However, their cultivation is both complex and a manually-intensive process. In a project designd to solve this problem, the Georgia Tech Research Institute (GTRI) has developed an intelligent robot designed to handle the human-based tasks of thinning and pruning peach trees, which could result in significant cost savings for peach farms in Georgia.
The robot uses a LIDAR sensing system and highly-specialised GPS technology to self-navigate through peach orchards and steer clear of obstacles. The LIDAR system determines distances by targeting an object with a laser and measuring the amount of time it takes for the laser beam to reflect back, while the GPS technology measures locations as specific as a fraction of an inch.
Once at a peach tree, the robot uses an embedded 3D camera to determine which peaches need to be removed and grabs the peaches using a claw-like device, known as an end effector, that is connected to the end of its arm.
"Most people are familiar with the harvesting of fruit and picking it up at the market," said Ai-Ping Hu, a GTRI senior research engineer who is leading the robot design project. "But there's actually a lot more that gets done before that point in the cultivation cycle."
The robot addresses two key components of the peach cultivation cycle: tree pruning and tree thinning.
Pruning refers to the selective removal of branches prior to the spring growing season, which typically occurs from mid-May to early August, and serves many purposes – including exposing more interior surface areas of the fruit trees to sunlight and removing undesired older growth to enable new growth to better thrive.
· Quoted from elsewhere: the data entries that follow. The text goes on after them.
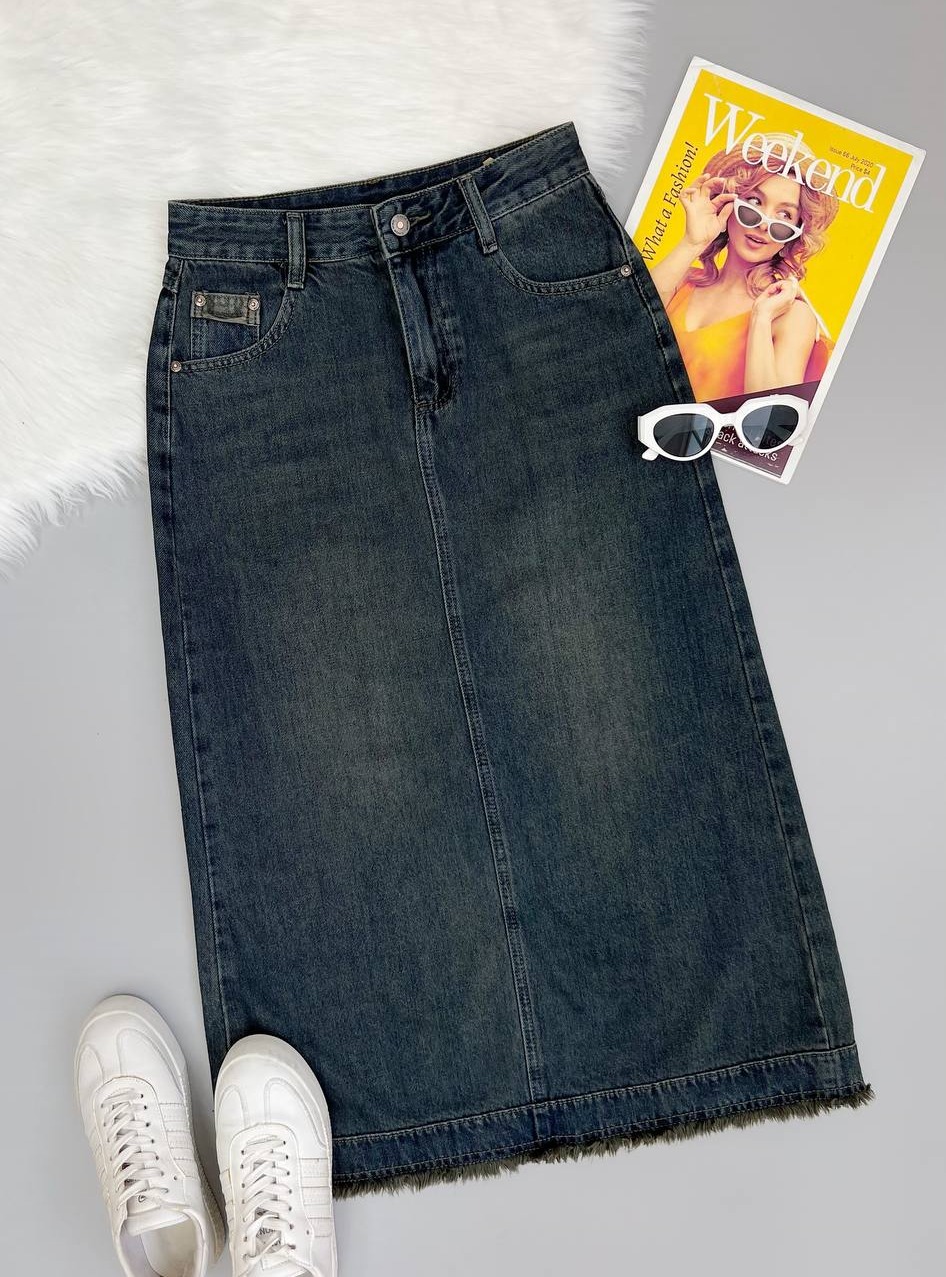 دامن جین تکرنگ کد 3578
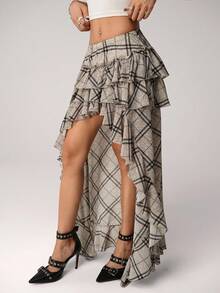 SHEIN ICON Women's Retro Plaid Asymmetrical Hem Pleated A-Line Skirt, Suitable For Back To School, Campus Party, Gathering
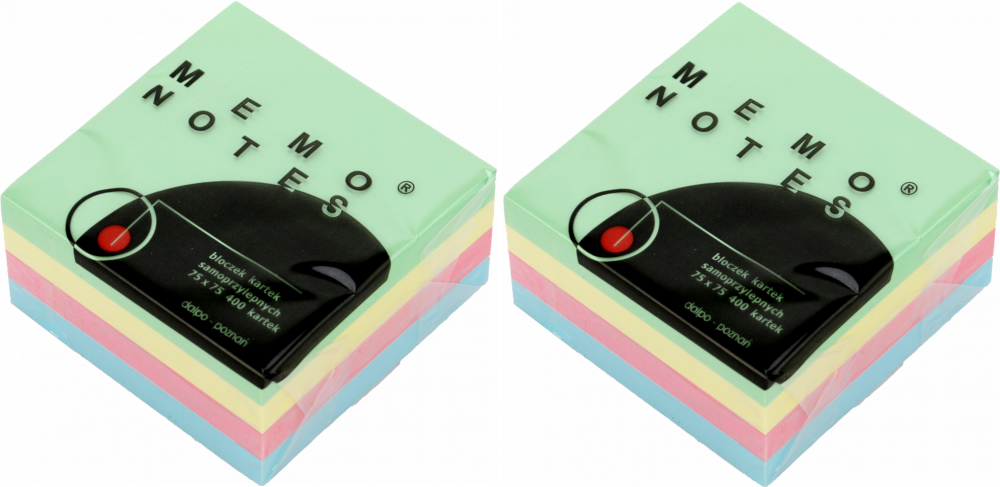 2x karteczki samoprzylepne Dalpo Memo Notes, 75x75 mm, 400 karteczek, mix kolorów pastelowych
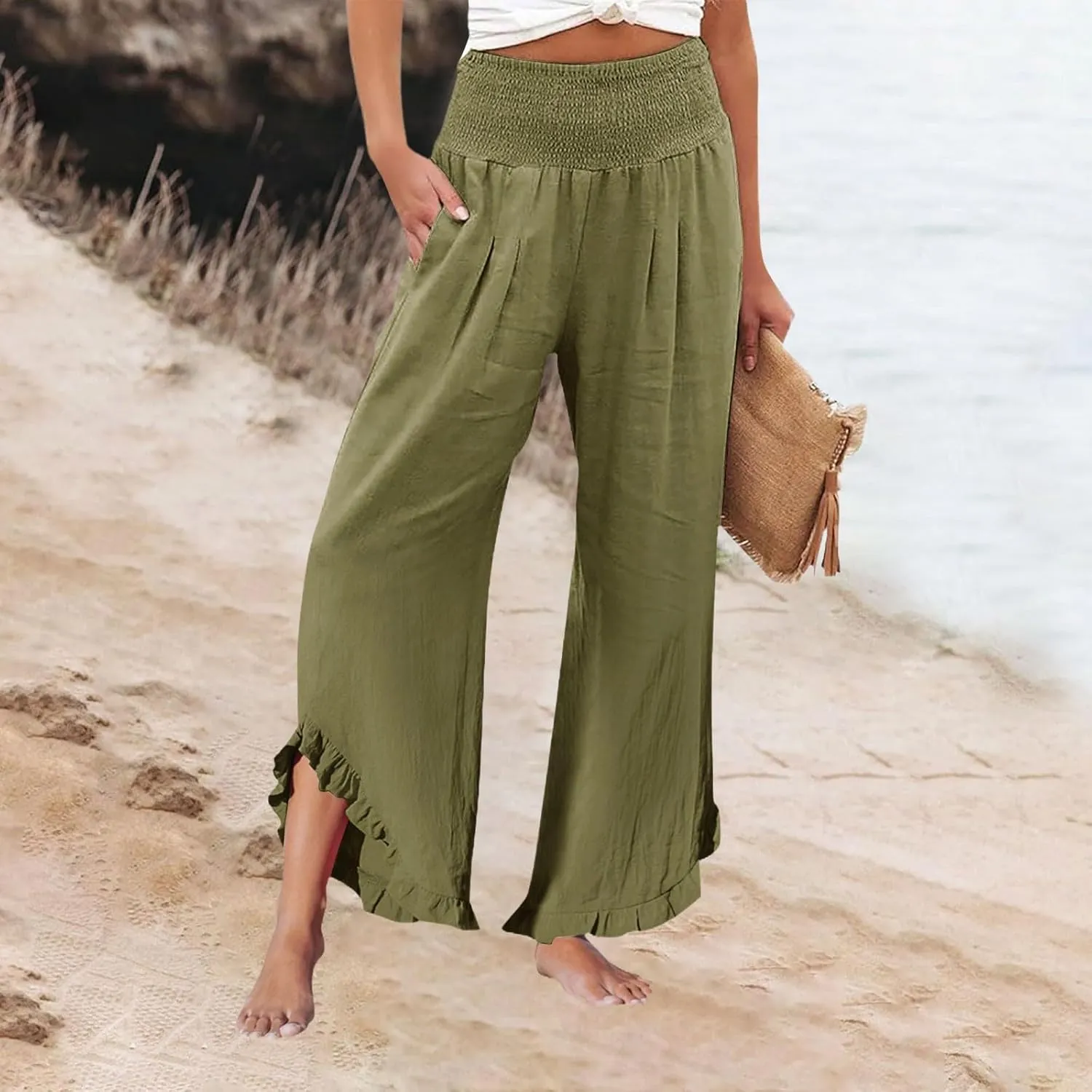 Palazzo Pants for Women Linen Elastic Waist Summer Wide Leg Pants with Pockets Smocked Loose Casual Vacation Outfits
Thinning, meanwhile, is when small or undeveloped peaches, known as peachlets, are removed from peach trees to allow for bigger and better peaches to grow, Hu explained.
There are no robots on the market that have been able to fully replace humans in the peach cultivation industry due to peach orchards' unstructured environments, which includes unpredictable weather, uneven terrain, and trees' different shapes and sizes.
Current efforts to automate the harvesting of peaches and other specialty crops so far have not been as successful as advancements in commodity crop automation, where machines can collect hundreds of acres of the good at a time. Commodity crops include items such as corn, wheat, and soybeans.
"Specialty crops are still very reliant on manual labor," Hu said, "because everything is so individualized and so unique, it's really been difficult to automate."
To address these unique issues, GTRI is exploring ways to incorporate artificial intelligence and deep learning training methods to improve the robot's image classification abilities and overall performance.
GTRI has also partnered with Dario Chavez, an associate professor in the Department of Horticulture at the University of Georgia Griffin Campus in Griffin, Ga., to further explore the intelligent automation of peach farming.
Gary McMurray, a GTRI principal research engineer and division chief of GTRI's Intelligent Sustainable Technologies Division, said the novel robot stands to transform the fruit cultivation process for many farms that have struggled to grow trees that are strong enough to withstand unpredictable environmental conditions.